Most people, when they think of Spartacus, think of a certain leading man with a dimple in his chin. Kirk Douglas' portrayal is legendary — and above, you can reacquaint yourself with the most well known scene in Stanley Kubrick's 1960 film. (Besides, of course all of Tony Curtis' lines — Antoninus clearly got to Rome by way of the Bronx.)
Today, we're talking to Barry Strauss about his book The Spartacus War, which takes the legend of Spartacus and makes it flesh. When asked why he wrote about such a well beloved figure — of whom much has already been written — he answered by exploring how much each generation has, in its own way, identified with the character.
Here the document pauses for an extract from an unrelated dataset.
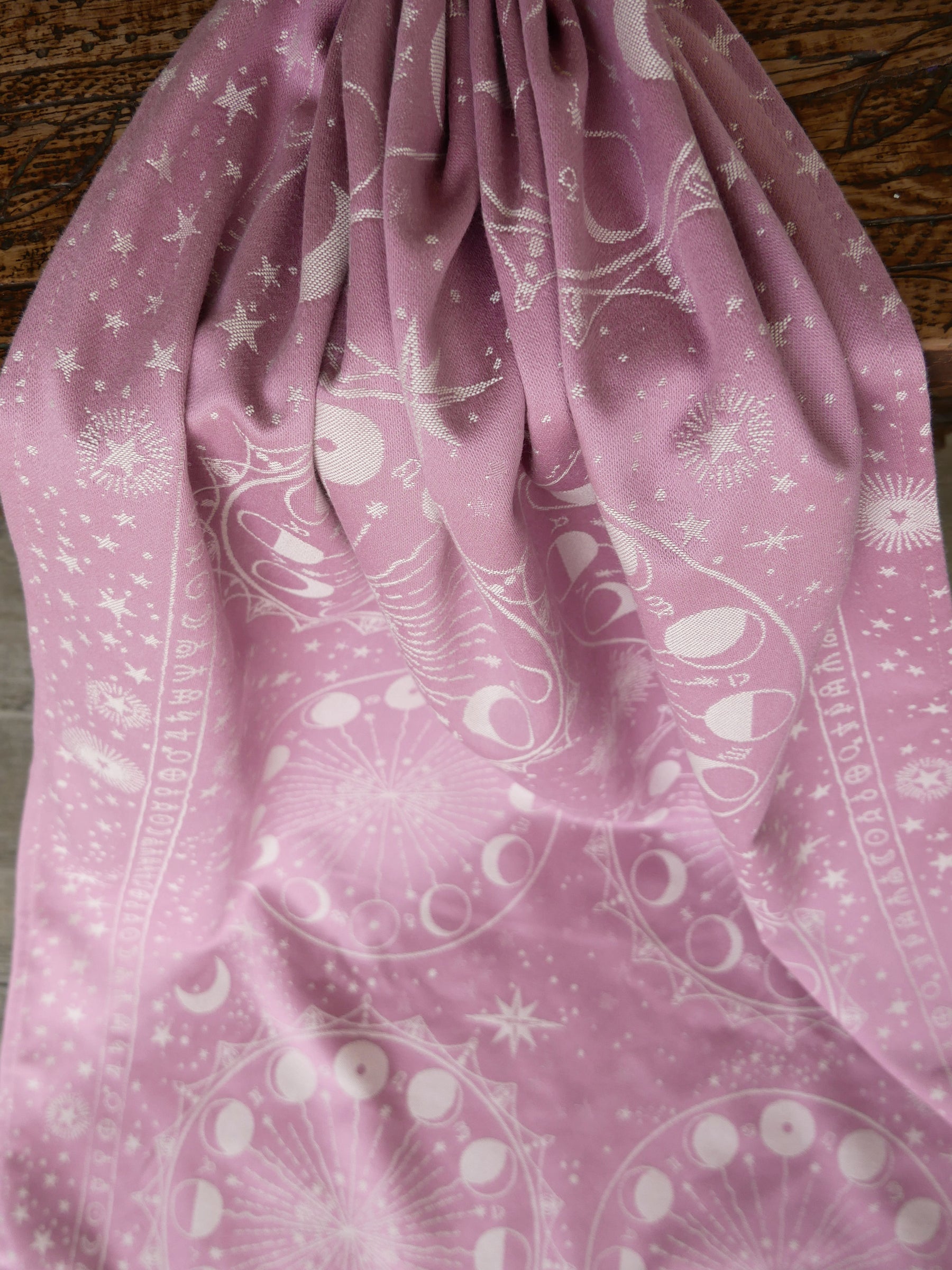 Pink fabric with white lunar patterns on a wooden surface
I wanted to write a book that made us think differently about a man whose image was still preserved in the amber of outdated twentieth-century concerns. Our Spartacus was shaped by the ideas of communists and their opponents, men like the blacklisted Hollywood writer Dalton Trumbo, who wrote the screenplay for the movie Spartacus and Howard Fast, who wrote the book on which the movie was based. Both Trumbo and Fast were communists who did jail time in the McCarthy era. Spartacus was shaped too by the ideas of anti-Communists like U.S. President Ronald Reagan, who invoked Spartacus as a hero of freedom, and Arthur Koestler, a disillusioned ex-Communist who wrote a novel in which Spartacus is a revolutionary who is corrupted by power, like Lenin or Stalin.